• [DATA FOR THE TASK]:

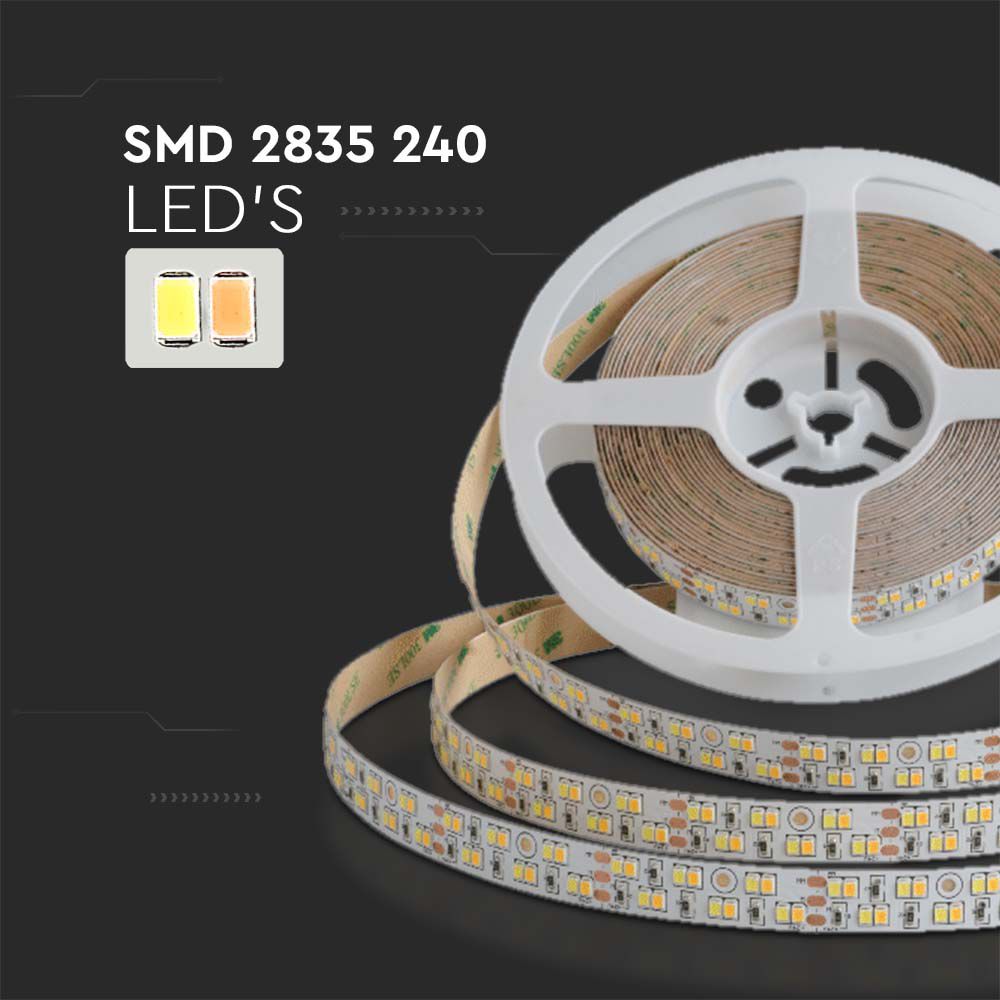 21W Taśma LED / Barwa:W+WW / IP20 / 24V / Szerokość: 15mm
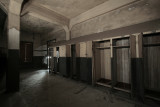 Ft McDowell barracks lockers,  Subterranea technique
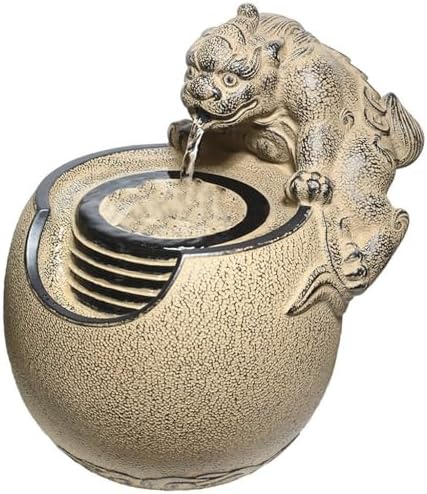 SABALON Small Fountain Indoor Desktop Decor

...

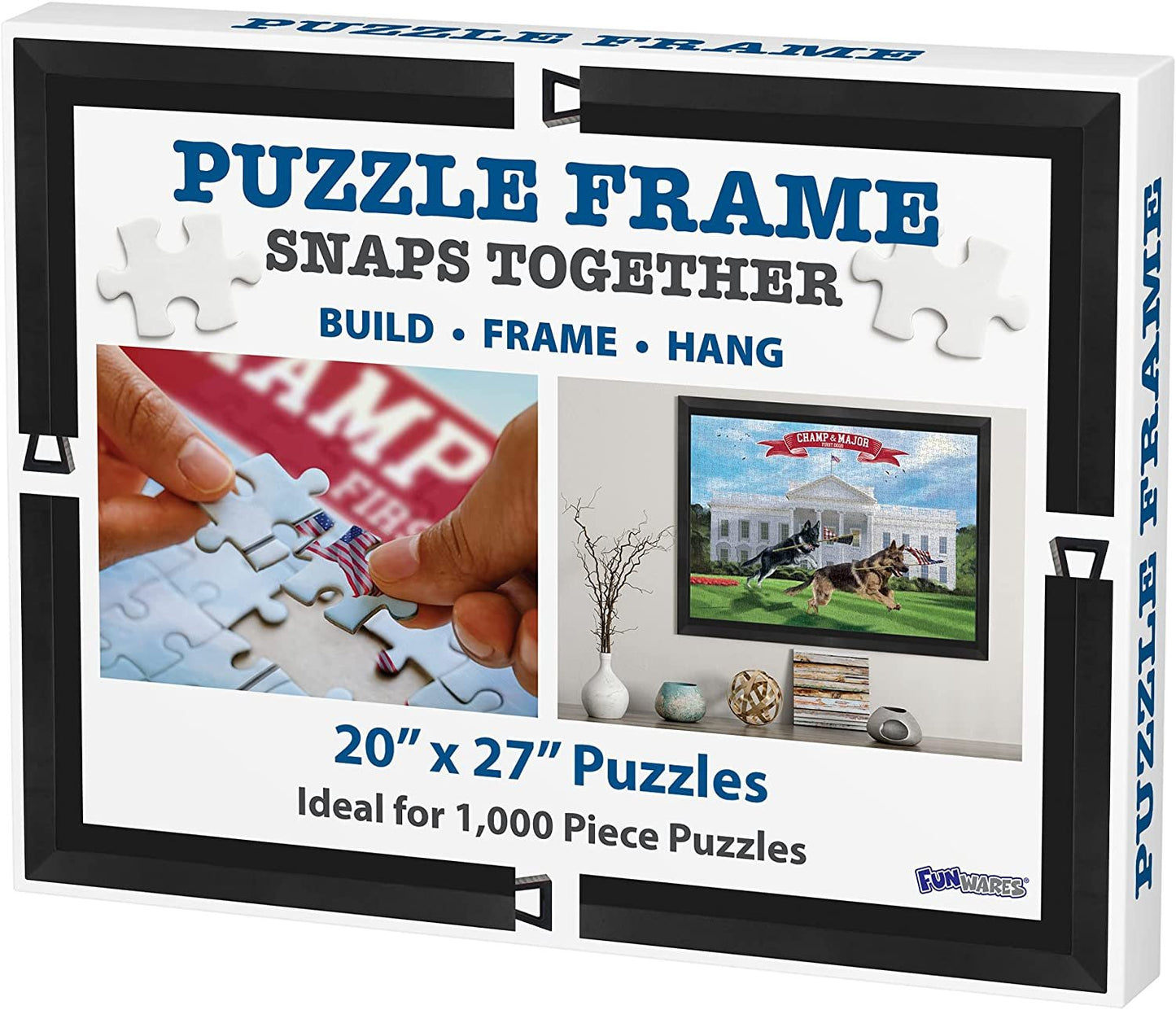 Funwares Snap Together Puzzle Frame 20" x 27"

• [WHAT YOU NEED TO DO]: The stretch to restate runs from the line above containing "21W Taśma LED" through the line containing "SABALON Small Fountain Indoor Desktop Decor". Copy it word for word, ends included, without pictures.

• [SOLVED EXERCISE]:
 21W Taśma LED / Barwa:W+WW / IP20 / 24V / Szerokość: 15mm
 Ft McDowell barracks lockers,  Subterranea technique
 SABALON Small Fountain Indoor Desktop Decor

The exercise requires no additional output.